Public Lands Rule Rescission Q&A with WWA BLM Wildlands Director Jennie Mans
- WWA Staff
- 5 hours ago
- 4 min read

On Monday, May 11th, the final rescission of the Public Lands Rule (PLR) was published in the Federal Register’s public inspection. The PLR (officially the Conservation and Landscape Health Rule) was a Bureau of Land Management (BLM) regulation that recognized conservation as an essential component of public lands management. It placed conservation on equal footing with other multiple uses, such as oil and gas drilling, mining, and grazing, of the more than 250 million acres of BLM-managed lands nationwide.
We asked WWA BLM Wildlands Director Jennie Mans to answer a few big questions about the impact this rescission will have both nationally and here in Wyoming.
What does rescinding the Public Lands Rule mean for conservation moving forward?

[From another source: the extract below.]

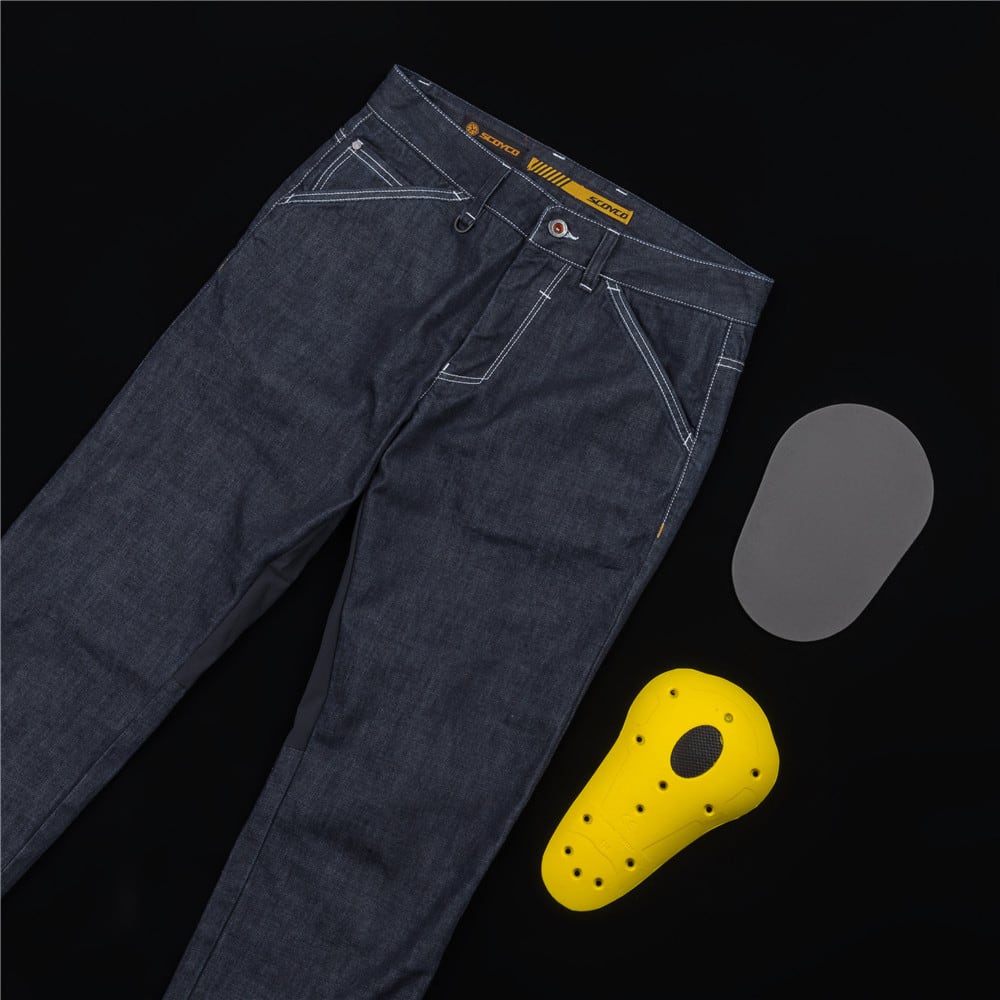 PANTALON JEAN SCOYCO P0743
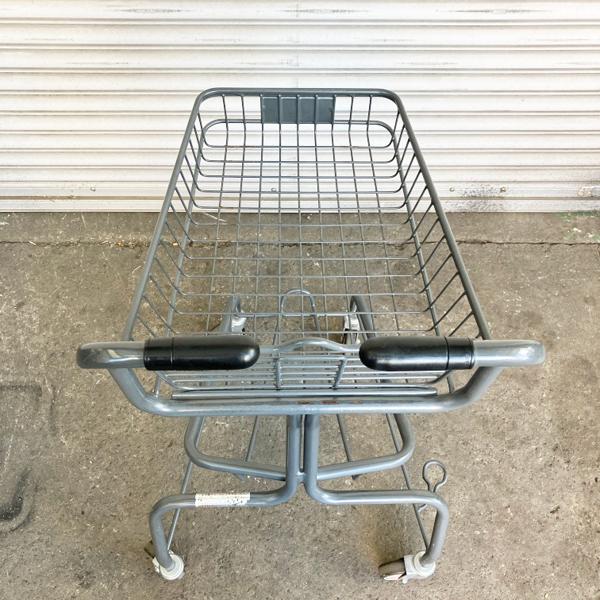 【展示品・未使用】ショッピングカート　グリーン 2026年最新】Yahoo!オークション -ショッピング カートの中古品・新品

Despite the administration offering fewer avenues for public engagement than during the original Public Lands Rule (PLR) policy-making, more than 130,000 people still engaged during the rescission comment period, with an analysis revealing that an overwhelming ninety-eight percent urged the administration to retain the PLR. Commenters included members of Congress, local elected leaders, former BLM officials, Tribal representatives, and community voices from across the country.
The rescission reverts the BLM to the 1983 Areas of Critical Environmental Concern (ACEC) framework, eliminates restoration and mitigation leasing, and rescinds Land Health Standards outside of grazing regulations. The BLM also determined that it was not obliged to conduct Tribal consultation in the process of rescinding the Rule.
Most concerningly, the rule advances a narrow view of conservation that frames resource protection primarily as a tool to support “balanced development” and the “long-term productivity” of resources, rather than recognizing conservation as an independent and enduring public land value under the Federal Land Policy and Management Act (FLPMA) multiple use and sustained yield mandate.
Of course, rescinding the rule does not eliminate the realities facing our public lands, and the Bureau of Land Management still has a responsibility to sustainably manage our public BLM lands for the benefit of wildlife, communities, and future generations.
WWA is based in one of the cornerstone regions of American conservation. How was the Public Lands Rule affecting the trajectory of public land management?
To rescind the Public Land Rule (PLR) betrays the trust of thousands of citizens who believed themselves to be represented when conservation was finally given a seat at the table. Wyoming’s BLM lands, approximately 18.4 million acres representing thirty percent of our state, are critical to safeguarding wildlife habitat, migration corridors, and our cultural heritage. Watching Wyoming delegates applaud the rescission flies in the face of what we, their Wyoming constituents, are calling on them to steward.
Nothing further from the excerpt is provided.